Il Messaggero (A. Angeloni) – La costruzione dal basso, la qualità nelle mezze ali, l’inventiva e la forza là davanti. Così, con queste caratteristiche tecniche, doveva essere la terza Roma mourinhana. Una squadra che sappia vincere con la forza dei calciatori e non tanto con quella del gioco, e questo è il credo di Mou da sempre, o quasi. Un’idea che lo Special aveva messo in piedi, con giocatori diversi, il 5 febbraio del 2022, in una fredda notte di Genova. Marassi, stadio Luigi Ferraris, la Roma affrontava il Genoa di Shevchenko. La squadra di Mou stava cambiando pelle, già nella partita precedente, a Venezia, il tecnico aveva abbandonato la difesa a quattro per proporre quella a tre. I giocatori, disse, si sentivano più sicuri. Difesa a tre non più abbandonata, tranne in rarissime situazioni di gioco all’interno di singole partite.

Il 3-5-2 è diventato il marchio di fabbrica , anche lo scorso anno, pur essendo diventato con il passare dei mesi più difensivo che offensivo e ricorderemo alcune partite lacrime e sangue (vedi Leverkusen) che hanno aiutato la Roma a toccare la seconda finale europea di fila, a Budapest contro il Siviglia.

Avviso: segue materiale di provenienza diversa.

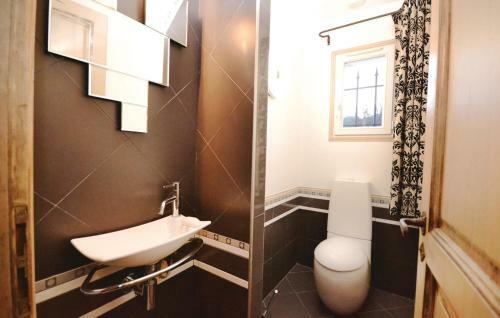 Holiday Home Cadenet 10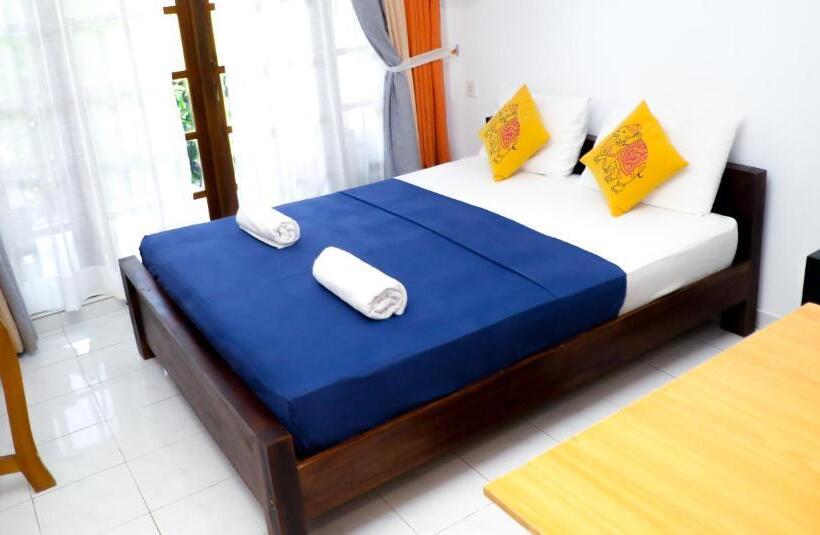 Пансион Andorra Tourist Resort Anuradhapura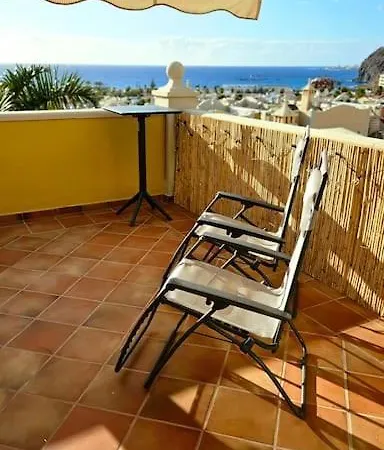 Appartement Sea View Duplex Private Jacuzzi, Garden, Terras And Shared Pool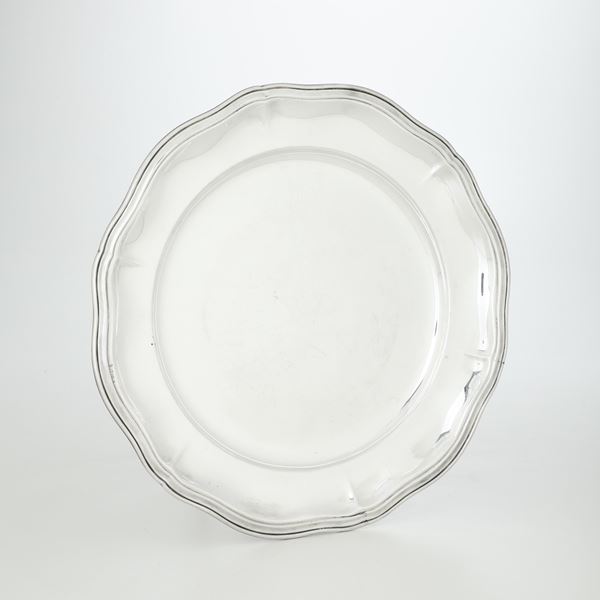 Grande piatto. Argenteria italiana del XX secolo. Argentiere Peruggia & C, Alessandria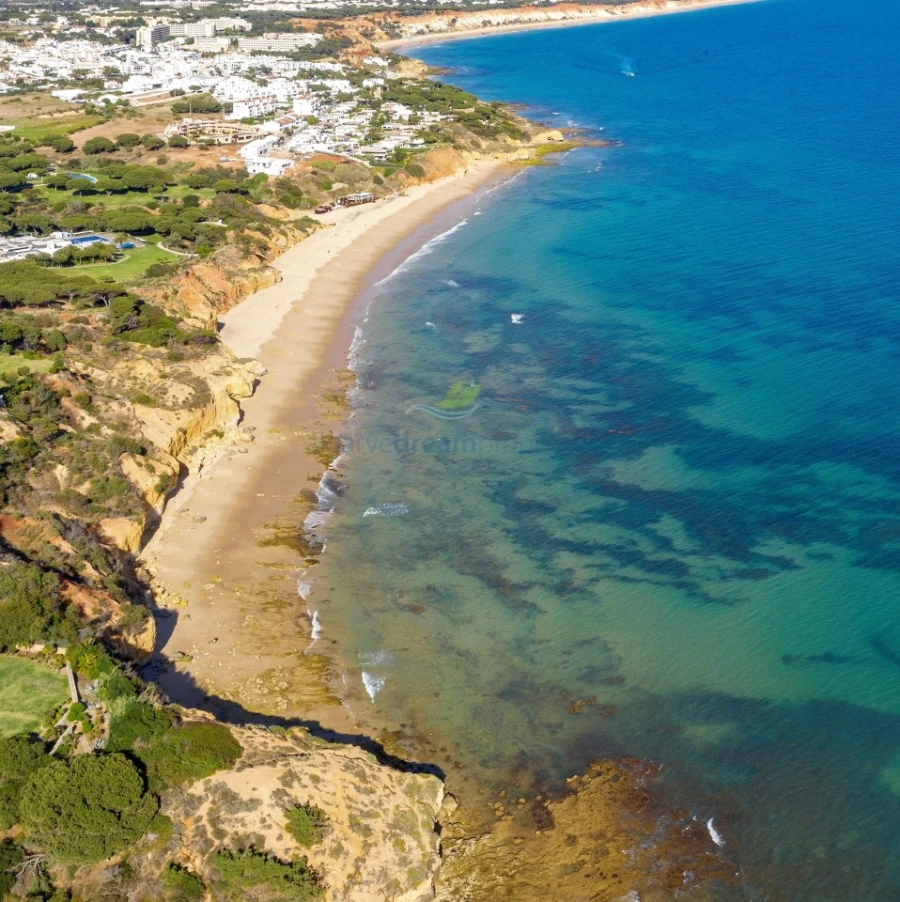 Moradia T4 para Venda em Albufeira e Olhos de Água Foto 36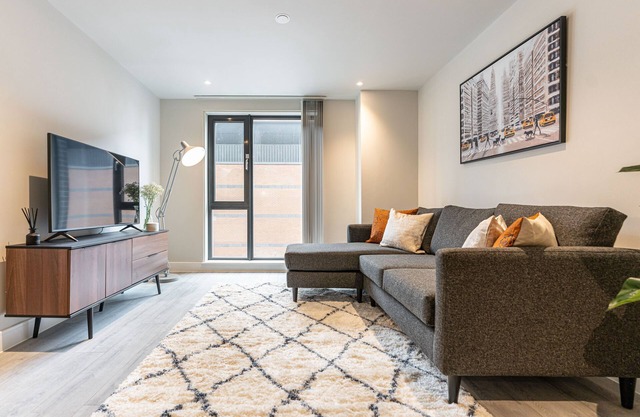 Sleek City Retreat - 2Bed2Bath at St Martins Place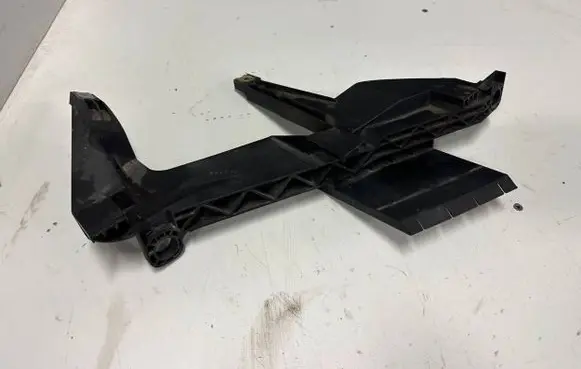 BMW X3 E83 Headlight/headlamp mounting bracket 1301073025
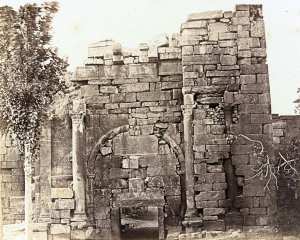 Ancienne photo de la porte de Caracalla à Tebessa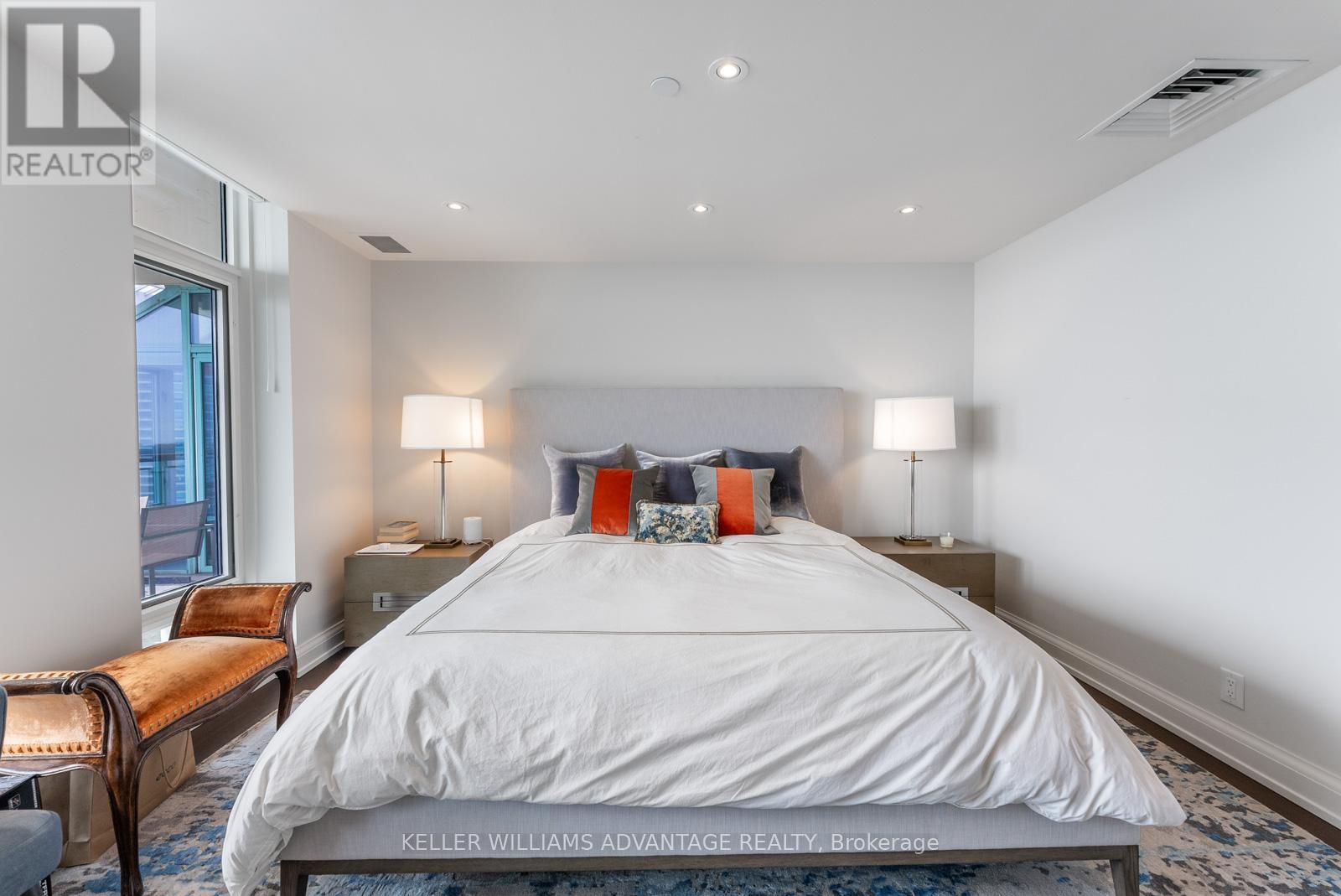 905/906 - 211 Queens Quay W, Toronto (Waterfront Communities), Ontario  M5J 2M6 - Photo 34 - C12232297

Con il mercato di quest’anno, siamo tornati alle vecchie intenzioni, il problema è che per un motivo o per un altro, gli uomini di qualità Mourinho non ce li ha avuti e a Torino, e ad esempio, ha inserito El Shaarawy (e non Bove) proprio per non perdere quella qualità su cui vuole puntare. Il regista attuale, Paredes, ha caratteristiche diverse dai play del passato (Cristante e Matic), è più votato a giocare in avanti che indietro. Lo spirito, dunque, non cambia, è diventata una questione di equilibrio, dovuta soprattutto alla condizione fisica dei presenti, sempre al limite.